TASK DIRECTIONS -
Which of the lines below hold "Asus"? Please return each one.
━━━━━━━━━━━━━━━━━━━━━━━━━━━━━━
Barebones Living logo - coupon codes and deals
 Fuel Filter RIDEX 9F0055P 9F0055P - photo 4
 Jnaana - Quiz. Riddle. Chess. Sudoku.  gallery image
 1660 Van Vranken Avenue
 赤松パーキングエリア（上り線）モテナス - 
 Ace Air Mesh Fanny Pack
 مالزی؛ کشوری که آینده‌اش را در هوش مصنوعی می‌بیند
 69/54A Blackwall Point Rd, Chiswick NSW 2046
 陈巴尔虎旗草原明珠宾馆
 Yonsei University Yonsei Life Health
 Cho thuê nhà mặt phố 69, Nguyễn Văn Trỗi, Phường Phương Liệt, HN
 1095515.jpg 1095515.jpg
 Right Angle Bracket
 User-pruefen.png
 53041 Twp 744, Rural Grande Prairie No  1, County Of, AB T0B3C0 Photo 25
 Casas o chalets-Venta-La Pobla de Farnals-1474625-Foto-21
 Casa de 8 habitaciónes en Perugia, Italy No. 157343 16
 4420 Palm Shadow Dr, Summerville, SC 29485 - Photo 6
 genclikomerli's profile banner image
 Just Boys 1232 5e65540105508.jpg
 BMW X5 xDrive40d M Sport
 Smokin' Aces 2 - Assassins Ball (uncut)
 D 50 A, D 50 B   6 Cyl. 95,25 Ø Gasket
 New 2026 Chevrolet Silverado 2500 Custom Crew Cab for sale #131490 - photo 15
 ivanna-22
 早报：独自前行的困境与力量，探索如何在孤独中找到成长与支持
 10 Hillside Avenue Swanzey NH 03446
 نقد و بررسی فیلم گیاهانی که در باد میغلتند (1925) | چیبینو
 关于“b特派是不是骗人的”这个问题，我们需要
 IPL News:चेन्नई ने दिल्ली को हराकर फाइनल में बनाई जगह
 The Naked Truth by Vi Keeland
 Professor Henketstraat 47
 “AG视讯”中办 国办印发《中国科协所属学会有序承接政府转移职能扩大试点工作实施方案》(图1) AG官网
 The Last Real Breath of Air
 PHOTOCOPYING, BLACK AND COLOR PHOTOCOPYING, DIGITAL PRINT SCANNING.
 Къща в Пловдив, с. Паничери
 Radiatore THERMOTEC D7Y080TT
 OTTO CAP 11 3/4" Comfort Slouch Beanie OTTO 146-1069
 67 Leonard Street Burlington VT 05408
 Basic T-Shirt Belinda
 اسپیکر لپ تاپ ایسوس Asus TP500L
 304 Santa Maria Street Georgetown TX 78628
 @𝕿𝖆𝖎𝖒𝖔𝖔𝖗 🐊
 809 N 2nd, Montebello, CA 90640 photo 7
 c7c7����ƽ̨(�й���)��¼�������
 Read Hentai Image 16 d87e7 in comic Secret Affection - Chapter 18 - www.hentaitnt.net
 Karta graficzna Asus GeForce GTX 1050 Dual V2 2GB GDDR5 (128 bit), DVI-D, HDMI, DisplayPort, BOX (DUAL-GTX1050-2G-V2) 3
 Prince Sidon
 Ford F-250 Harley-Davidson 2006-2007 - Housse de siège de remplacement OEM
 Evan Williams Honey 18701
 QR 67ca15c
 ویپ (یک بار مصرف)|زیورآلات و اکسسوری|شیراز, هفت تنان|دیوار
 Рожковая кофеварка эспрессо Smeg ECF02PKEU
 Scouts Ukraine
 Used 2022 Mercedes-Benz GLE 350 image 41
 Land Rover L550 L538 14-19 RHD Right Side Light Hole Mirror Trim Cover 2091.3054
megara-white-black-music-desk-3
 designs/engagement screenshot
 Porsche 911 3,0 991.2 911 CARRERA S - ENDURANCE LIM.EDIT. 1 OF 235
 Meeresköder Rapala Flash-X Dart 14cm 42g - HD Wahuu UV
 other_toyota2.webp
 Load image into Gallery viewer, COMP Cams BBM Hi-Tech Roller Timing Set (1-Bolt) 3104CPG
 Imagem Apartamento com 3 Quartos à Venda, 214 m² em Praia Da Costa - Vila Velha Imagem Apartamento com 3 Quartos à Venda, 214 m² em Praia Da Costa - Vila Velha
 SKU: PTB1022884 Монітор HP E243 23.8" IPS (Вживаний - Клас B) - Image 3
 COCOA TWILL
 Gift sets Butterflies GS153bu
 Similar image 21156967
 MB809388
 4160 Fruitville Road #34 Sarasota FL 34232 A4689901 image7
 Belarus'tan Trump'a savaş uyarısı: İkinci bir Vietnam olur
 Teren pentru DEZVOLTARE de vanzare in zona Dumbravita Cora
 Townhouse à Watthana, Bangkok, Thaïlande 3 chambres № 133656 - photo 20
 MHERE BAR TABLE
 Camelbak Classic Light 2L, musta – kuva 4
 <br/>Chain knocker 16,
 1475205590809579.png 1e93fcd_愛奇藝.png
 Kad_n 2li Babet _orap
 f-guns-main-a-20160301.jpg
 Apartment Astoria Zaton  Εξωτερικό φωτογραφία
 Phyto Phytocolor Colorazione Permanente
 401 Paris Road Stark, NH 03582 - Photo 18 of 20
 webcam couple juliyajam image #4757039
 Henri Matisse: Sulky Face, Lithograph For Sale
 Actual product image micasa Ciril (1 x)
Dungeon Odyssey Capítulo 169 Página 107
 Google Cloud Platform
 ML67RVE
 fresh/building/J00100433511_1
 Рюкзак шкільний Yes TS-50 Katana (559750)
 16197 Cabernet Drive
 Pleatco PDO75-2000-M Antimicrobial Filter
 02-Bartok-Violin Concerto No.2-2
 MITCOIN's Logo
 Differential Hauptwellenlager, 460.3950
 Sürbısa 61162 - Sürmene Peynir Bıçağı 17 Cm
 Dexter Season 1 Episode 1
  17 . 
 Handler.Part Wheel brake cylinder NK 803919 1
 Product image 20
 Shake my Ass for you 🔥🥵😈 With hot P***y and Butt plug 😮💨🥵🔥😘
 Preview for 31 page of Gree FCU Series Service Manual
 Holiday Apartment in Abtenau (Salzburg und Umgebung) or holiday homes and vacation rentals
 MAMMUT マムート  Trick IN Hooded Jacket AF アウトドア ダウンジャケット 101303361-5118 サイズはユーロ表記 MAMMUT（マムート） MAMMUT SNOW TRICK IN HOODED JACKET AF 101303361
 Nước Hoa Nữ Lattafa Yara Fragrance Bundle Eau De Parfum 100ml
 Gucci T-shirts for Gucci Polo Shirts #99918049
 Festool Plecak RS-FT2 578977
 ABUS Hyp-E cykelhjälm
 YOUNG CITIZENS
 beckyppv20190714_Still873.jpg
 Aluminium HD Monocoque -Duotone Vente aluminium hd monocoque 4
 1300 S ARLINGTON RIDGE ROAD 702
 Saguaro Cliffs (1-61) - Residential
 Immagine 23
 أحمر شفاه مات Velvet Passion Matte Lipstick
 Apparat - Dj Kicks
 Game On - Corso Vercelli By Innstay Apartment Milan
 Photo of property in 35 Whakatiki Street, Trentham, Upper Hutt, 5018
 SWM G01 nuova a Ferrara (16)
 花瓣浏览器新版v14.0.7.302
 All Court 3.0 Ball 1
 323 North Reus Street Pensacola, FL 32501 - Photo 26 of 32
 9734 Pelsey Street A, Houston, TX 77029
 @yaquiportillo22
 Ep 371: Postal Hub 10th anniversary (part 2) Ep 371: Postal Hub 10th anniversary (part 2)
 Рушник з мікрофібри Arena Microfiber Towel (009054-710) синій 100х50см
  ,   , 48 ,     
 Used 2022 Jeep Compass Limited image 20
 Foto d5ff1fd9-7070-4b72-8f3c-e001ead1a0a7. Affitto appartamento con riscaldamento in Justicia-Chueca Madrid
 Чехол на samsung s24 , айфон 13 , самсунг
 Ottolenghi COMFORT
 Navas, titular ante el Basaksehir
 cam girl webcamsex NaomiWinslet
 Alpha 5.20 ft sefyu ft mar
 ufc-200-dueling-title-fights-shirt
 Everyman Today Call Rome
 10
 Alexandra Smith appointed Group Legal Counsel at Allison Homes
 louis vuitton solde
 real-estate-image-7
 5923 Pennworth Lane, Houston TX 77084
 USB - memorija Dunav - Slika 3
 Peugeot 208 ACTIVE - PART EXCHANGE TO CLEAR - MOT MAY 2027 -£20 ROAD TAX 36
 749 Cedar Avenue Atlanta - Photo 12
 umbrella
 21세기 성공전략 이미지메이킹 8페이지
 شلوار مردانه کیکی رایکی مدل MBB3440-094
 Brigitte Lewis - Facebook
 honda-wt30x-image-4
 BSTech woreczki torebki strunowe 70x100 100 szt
━━━━━━━━━━━━━━━━━━━━━━━━━━━━━━
COMPLETED EXERCISE -
 اسپیکر لپ تاپ ایسوس Asus TP500L
 Karta graficzna Asus GeForce GTX 1050 Dual V2 2GB GDDR5 (128 bit), DVI-D, HDMI, DisplayPort, BOX (DUAL-GTX1050-2G-V2) 3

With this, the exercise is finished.